## [What you need to do]
Pictures excluded, please retype exactly the lines from the start of the data through the line that contains "Casquette Fraises d'amour de paix (Devant)", both ends kept, and nothing beyond them.
Records for this exercise below:
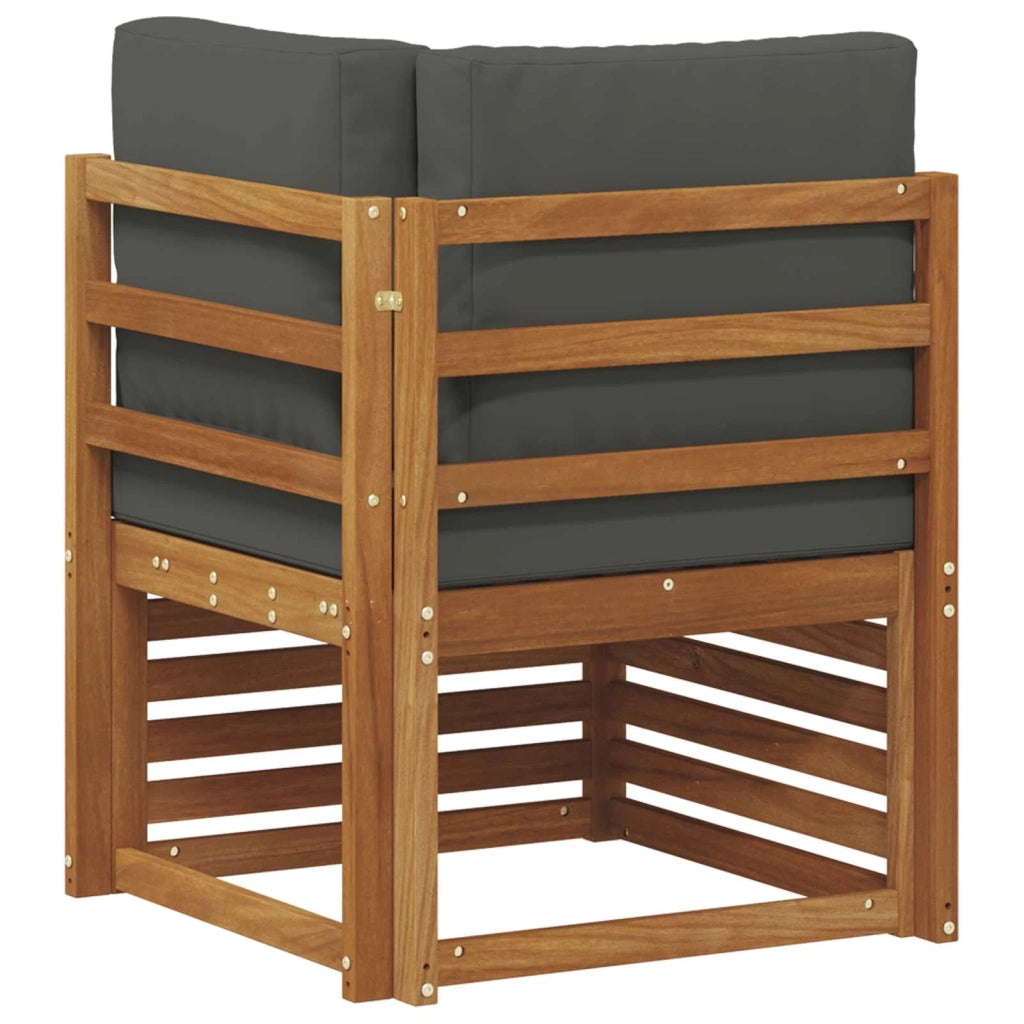 Divano Angolare da Esterno Legno di Acacia Massello Naturale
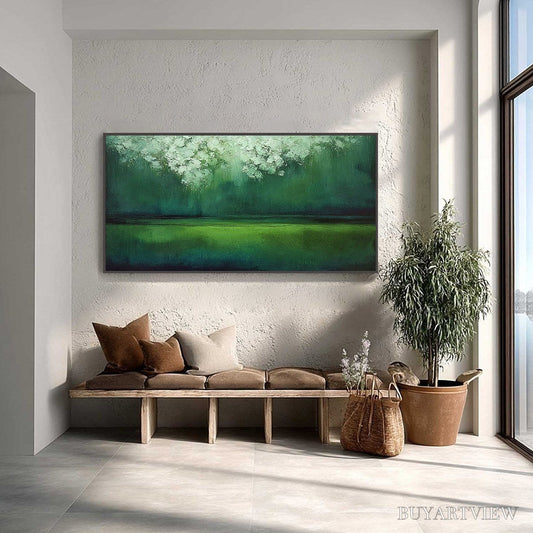 BUYARTVIEW Verdant Stillness – Large Green Abstract Landscape Texture Painting - image 2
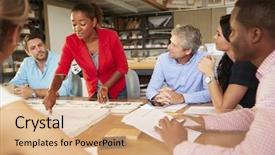  Presentation with meeting table - PPT layouts featuring female boss leading meeting background and a coral colored foreground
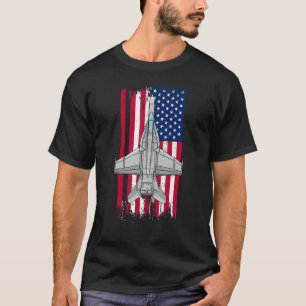 Us Jet Aviation Fighter Plane American Flag Airpla T-Shirt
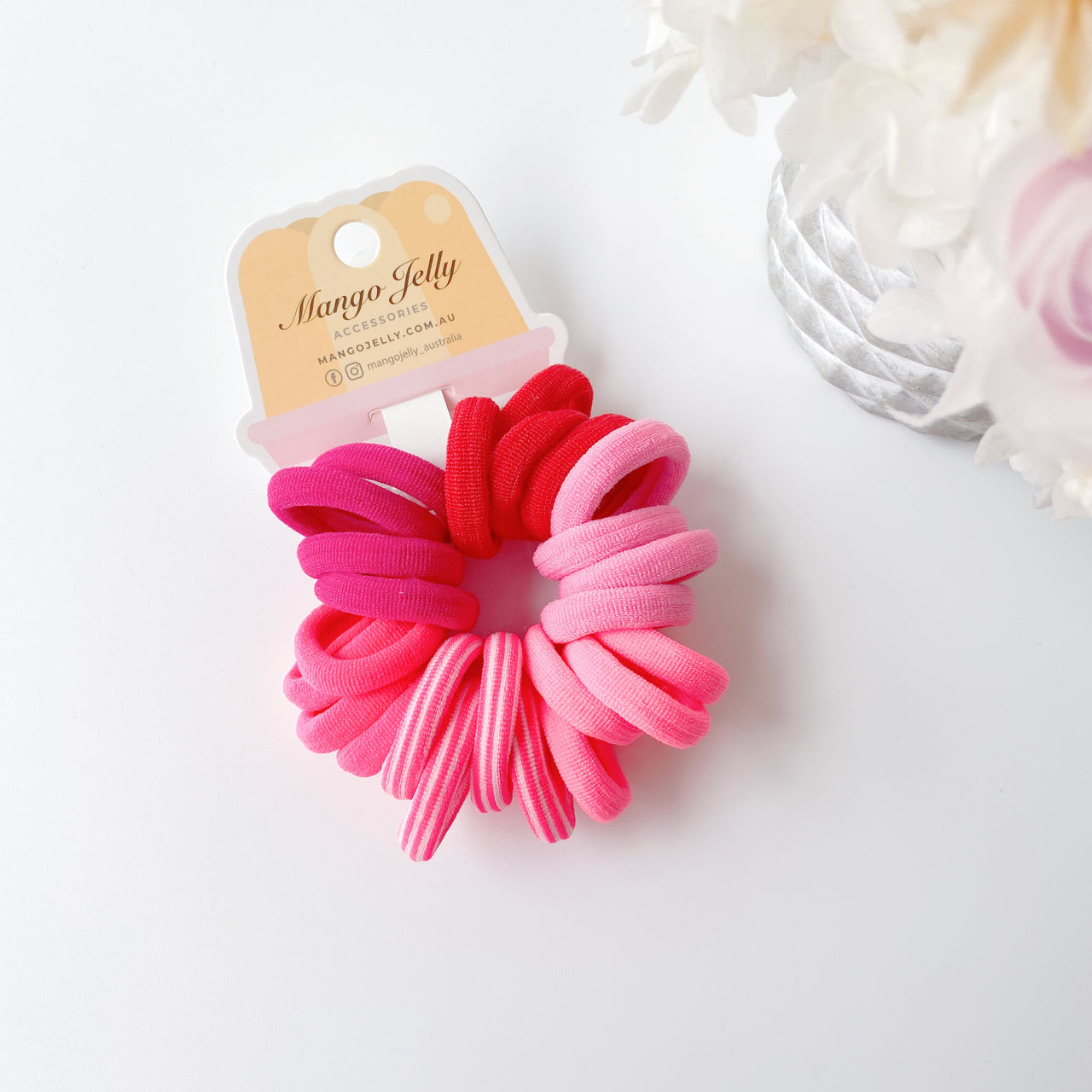 MANGO JELLY Metal Free Hair Ties (3cm) - Just Pink 24P -Twin Pack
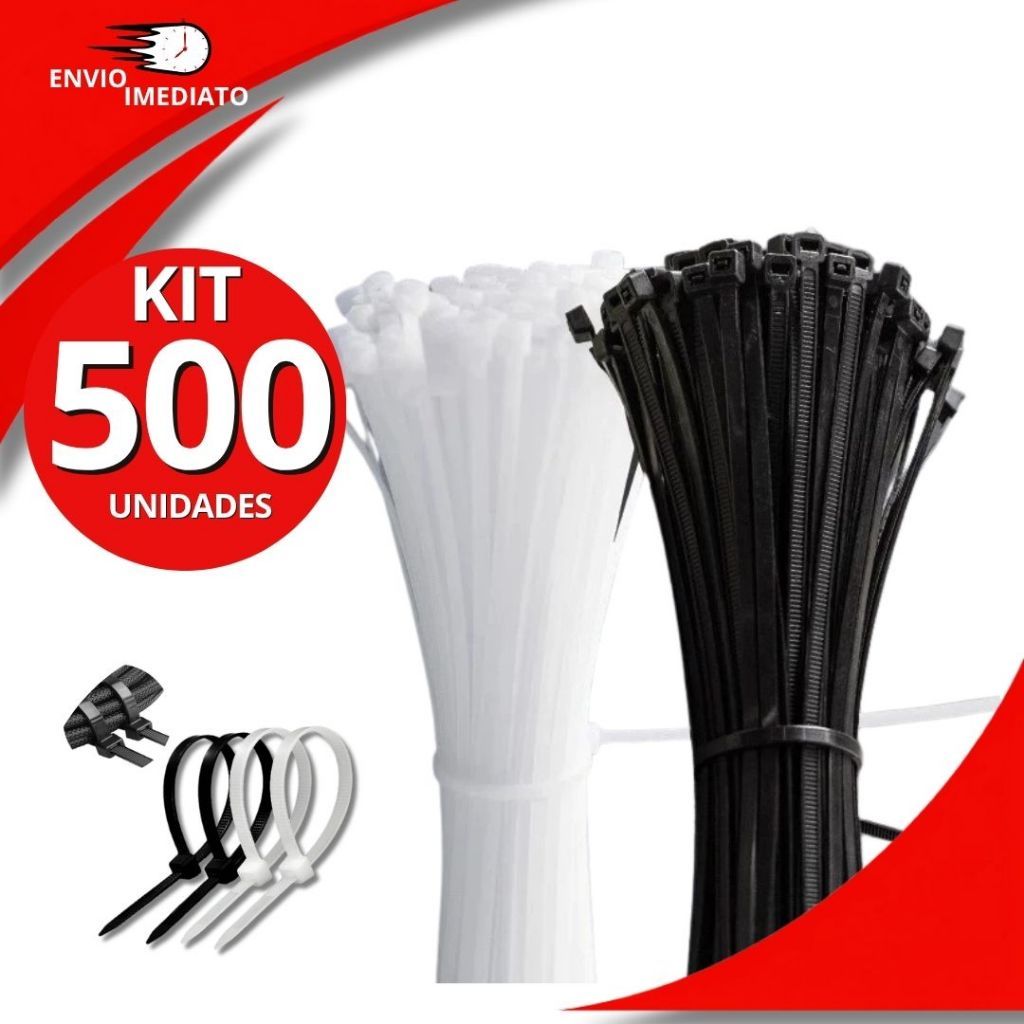 Kit JOGO 100/500 un Enforca Gato Cinta Plástica Nylon Abraçadeira Lacre Plástica Organizador Preto Várias Medidas Inform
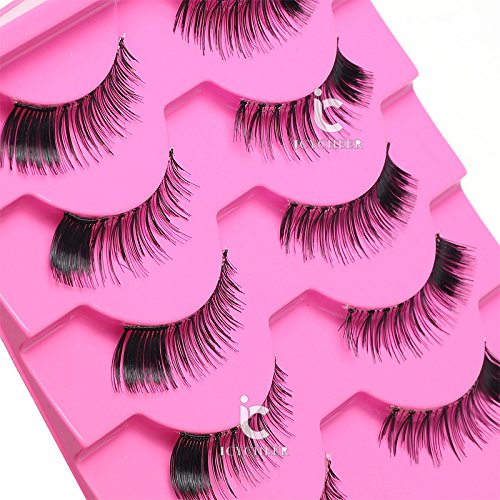 ICYCHEER - Pestañas de maquillaje de media esquina, 5 pares de pestañas postizas hechas a mano, pestañas suaves
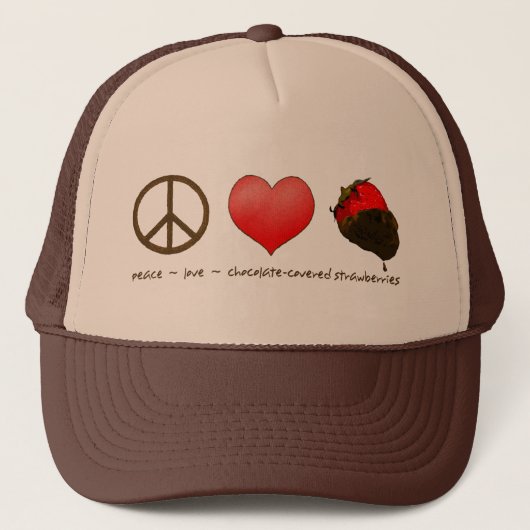 Casquette Fraises d'amour de paix (Devant)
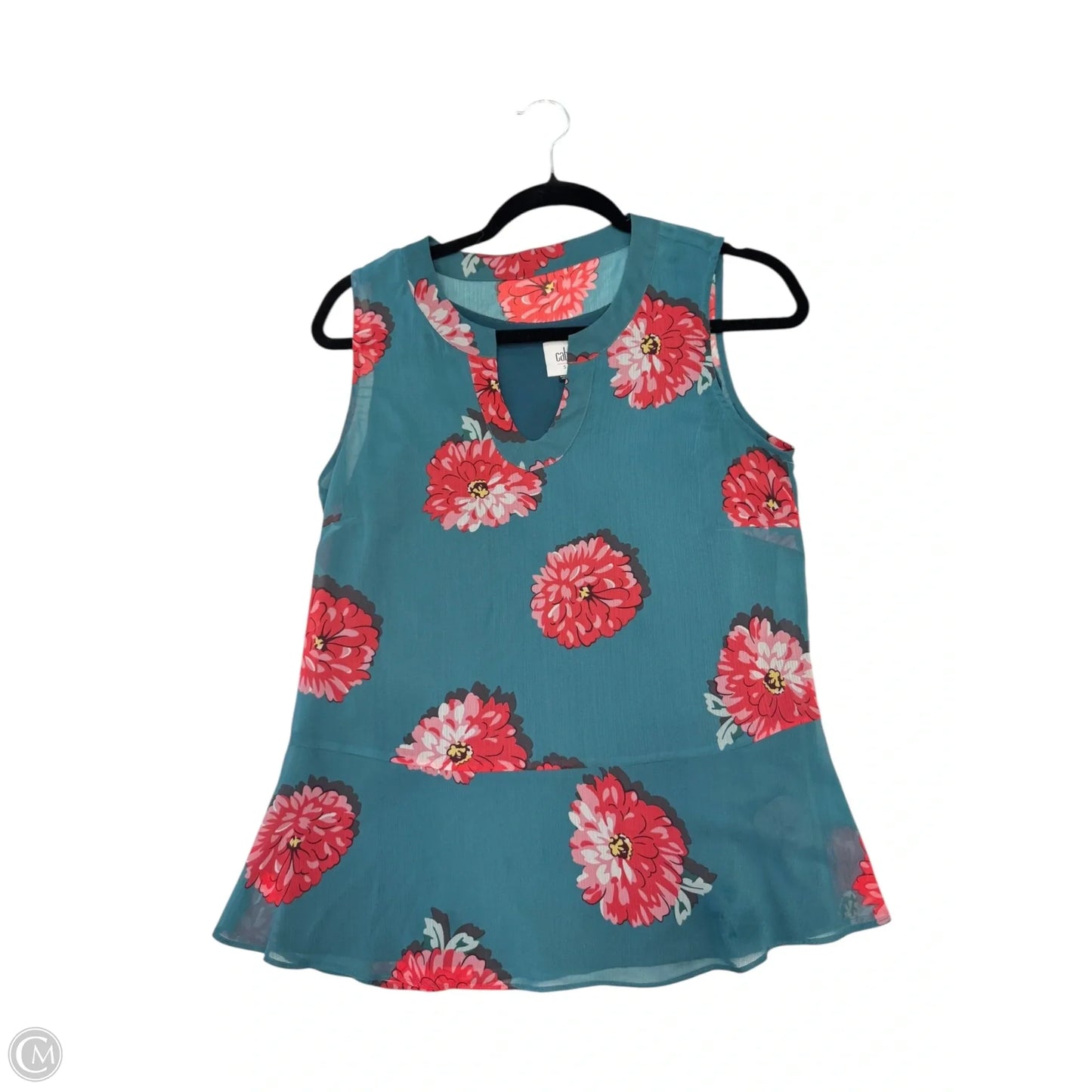 Top Sleeveless By Cabi In Floral Print, Size: S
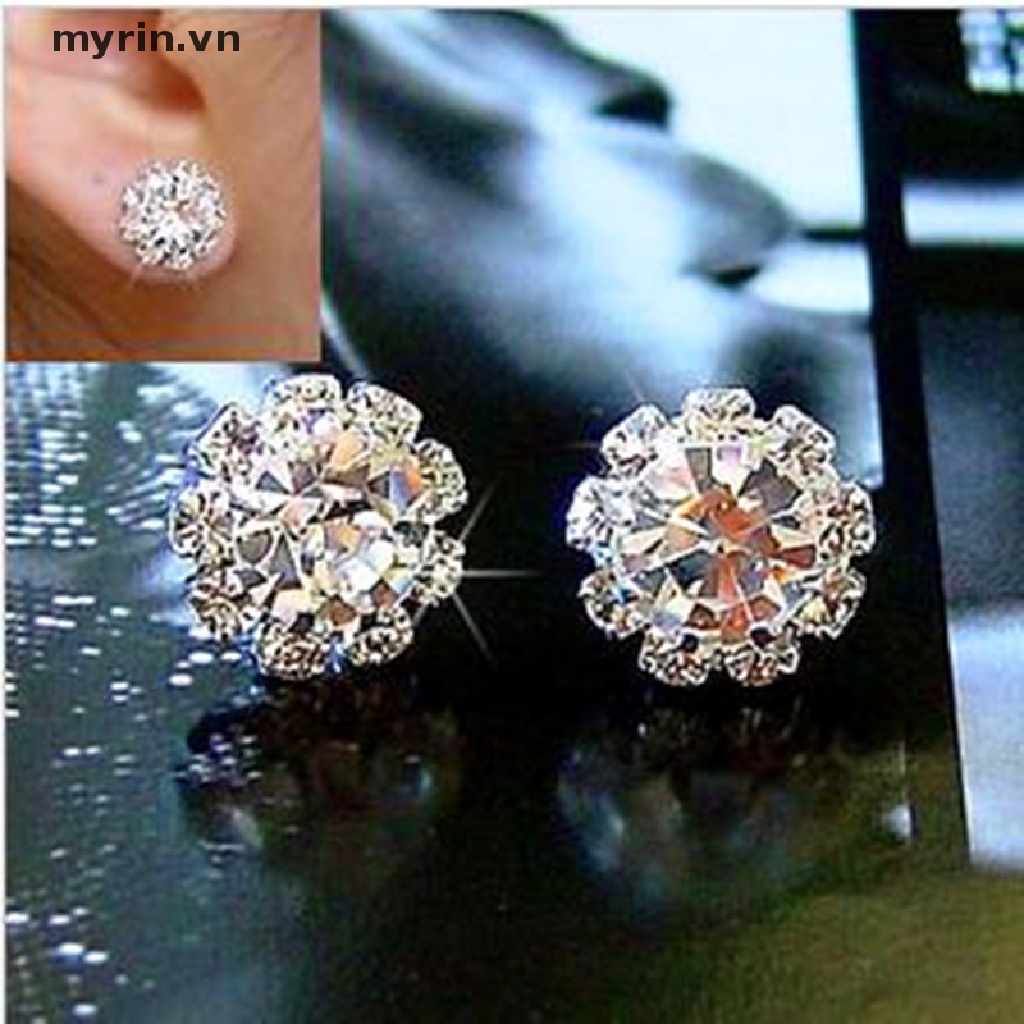 Cặp Bông Tai Hình Cầu Đính Đá Thời Trang Nữ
End of Records for this exercise.
## [Answer section]
 Divano Angolare da Esterno Legno di Acacia Massello Naturale
 BUYARTVIEW Verdant Stillness – Large Green Abstract Landscape Texture Painting - image 2
  Presentation with meeting table - PPT layouts featuring female boss leading meeting background and a coral colored foreground
 Us Jet Aviation Fighter Plane American Flag Airpla T-Shirt
 MANGO JELLY Metal Free Hair Ties (3cm) - Just Pink 24P -Twin Pack
 Kit JOGO 100/500 un Enforca Gato Cinta Plástica Nylon Abraçadeira Lacre Plástica Organizador Preto Várias Medidas Inform
 ICYCHEER - Pestañas de maquillaje de media esquina, 5 pares de pestañas postizas hechas a mano, pestañas suaves
 Casquette Fraises d'amour de paix (Devant)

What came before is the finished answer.